Assuming that everything goes well, there is not much to adjust. Turn the unit on (in Standby mode) and let it warm up for at least a minute. Check the main supply voltages:



Measure the grid voltages of the 6L6GC's, one channel at a time. A convenient point to measure this is at the anodes of the protection diodes on the driver card, the end sitting right near the centre of the card. Adjust the BIAS and BALANCE controls to give -72 volts at each grid. The BALANCE control will be quite symmetrical, a fact that you can use to get the voltages to converge quite rapidly.

Only after you have gotten the grid bias "in the ballpark" should you even consider applying B+ to the 6L6GC's by flipping the Standby switch. Also, get into the habit of always having a load on the speaker outputs, even if you are not applying any signal. It just takes one bad transient to ruin your tubes or transformer (not to mention your day)

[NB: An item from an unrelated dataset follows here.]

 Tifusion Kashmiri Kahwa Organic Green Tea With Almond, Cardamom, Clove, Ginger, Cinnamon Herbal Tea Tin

Cathode current vs. Grid voltage

If your tubes are reasonably well-matched, the cathode current on each tube of each push-pull pair should be within about 20%. If not, your tubes aren't very well matched. This is not necessarily fatal, you can trim the BIAS and BALANCE pots to get the cathode currents approximately equal (in the range of 40-50 milliamps) by measuring the voltage across the 10- ohm cathode resistors. (50 milliamps will give a reading of 0.500 volts).

In any case, only the most discerning ears will hear any difference in reproduction quality, especially at lower volumes, and especially in "clean" mode because of the self-correcting nature of negative feedback.

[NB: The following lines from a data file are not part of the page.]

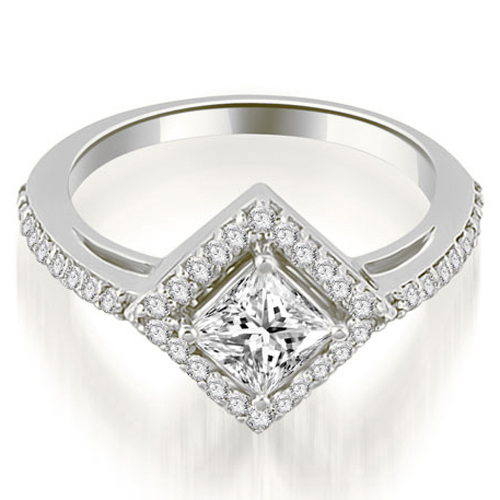 Platinum 0.90 cttw. Halo Princess Cut Diamond Engagement Ring (I1, H-I)
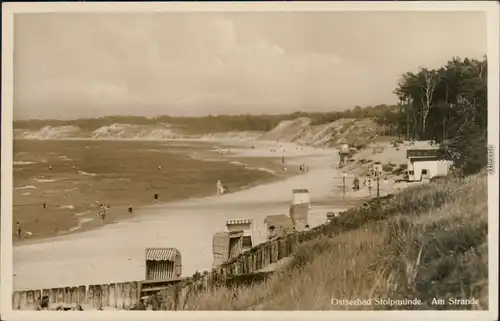 Ansichtskarte Stolpmünde Ustka Strandpartie - Hütte und Strandkörbe 1934 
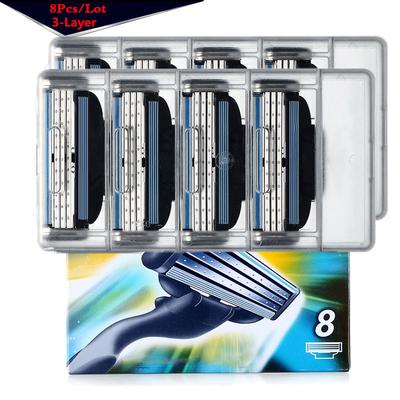 8 piezas/lote Cuchillas de afeitar de alta calidad de 3 capas, Compatibles para máquina Gillettee Mache 3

At the recommended setting (40-50 mA cathode current, or -72 volts grid bias), the amplifier will actually be operating in Class A mode (both tubes conducting at all times) at power outputs under a few watts. Beyond that it will go into Class AB1 mode, and the tubes take turns going into cut- off beyond a certain signal level. The grid bias essentially controls the point at which this "crossover" takes place. Decreasing the grid bias raises this point, resulting in less distortion. I don't recommend going any lower than -60 volts. At about -55 volts the plates of the tubes start to glow red. Not a good thing. Even at -60 volts, the power transformer will get too hot to touch after a couple hours.

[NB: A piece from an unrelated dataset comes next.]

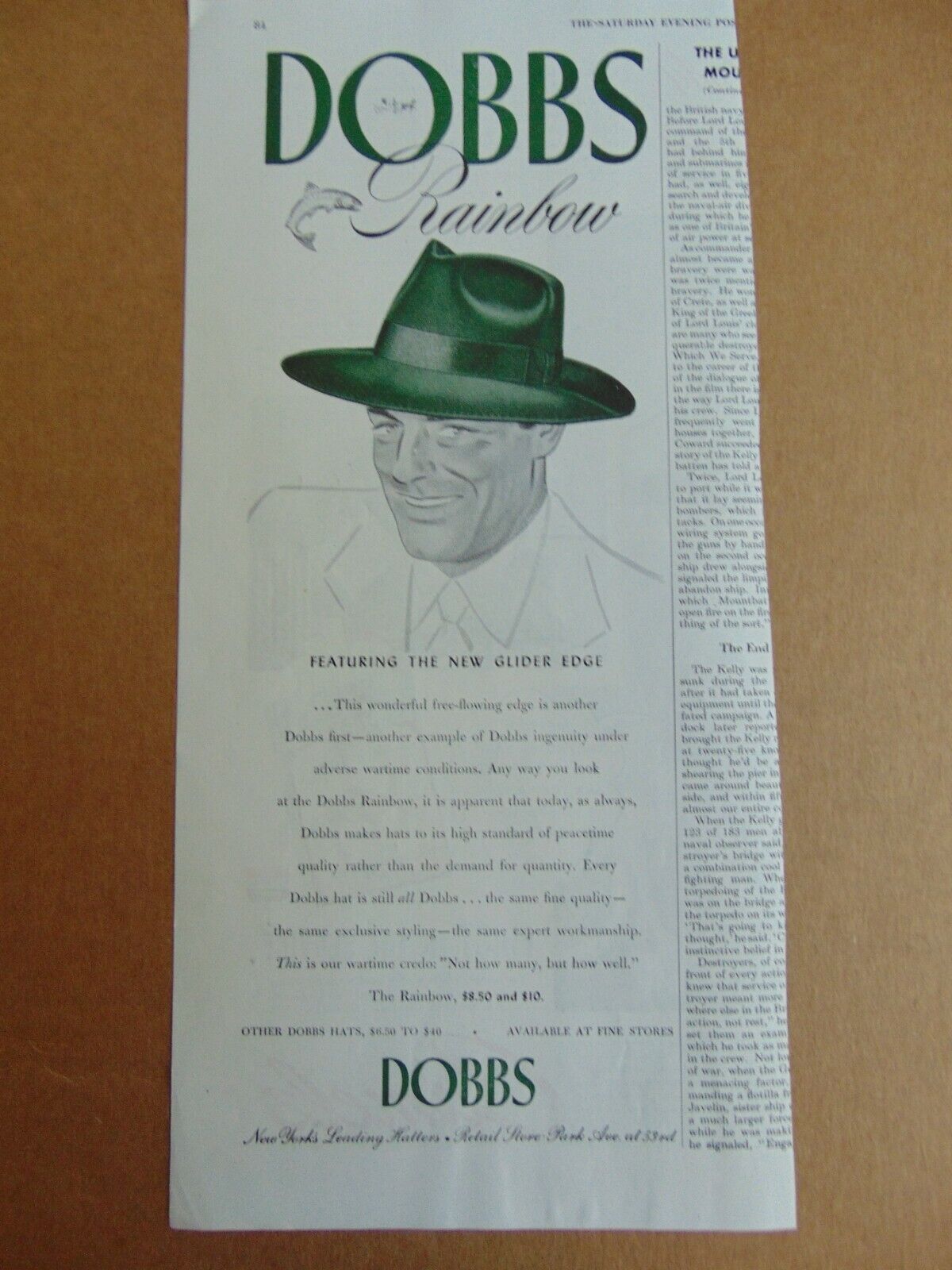 1944 DOBBS Men\'s Rainbow Hat with Glider Edge vintage art print ad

At the other extreme, say around -85 volts, the tubes are sitting closer to cutoff and the amplifier gets a lot more efficient (less heat) but crossover distortion becomes quite noticable, even on a scope.

Considerable experimentation has shown the recommended -72V grid bias to be the best compromise between the efficiency and distortion factors. Still, there is some leeway here. If you want absolutely the best sound quality you can get, and don't run the amp for more than an hour or two at a time, set bias for about -60 volts. On the other hand, if you want to run the amplifier continuously, a bias of -80 is recommended.

A Word About Fuses

I'm sure you know what's coming here, but I just have to say it. Don't replace the fuses with ones of larger ratings, unless you absolutely positively know what you're doing. The main AC fuse should be no larger than 4 ampere, slow blow (MDL). In fact, 3 ampere fuses are recommended. Go to 4 amperes only if you're using a lower grid bias and find that 3 ampere fuses are regularly blowing. Even then, don't be upset with me if you ruin your power transformer. If 3 amp fuses blow at the recommended grid bias, even at extended high volume settings, something is wrong and you should see that it gets corrected instead of just putting a "crowbar" into the fuse-holder. Fuses are designed to protect your equipment, and you.

The "raw B+" fuse should under no circumstance be rated for greater than 0.6 ampere (600 ma.), fast blow (AGC). Be sure you use a fuse holder that is capable of withstanding the over 600 volt potential to chassis ground. (It should also be noted that the AGC series is not UL or CSA approved for use over 240 volts AC. The rationale is that at higher voltages, arcing could possibly occur across the burned ends of the fuse wire. However, my thought on this is that any protection is better than no protection at all.)

If you need to replace the B+ fuse, turn the amplifier off first.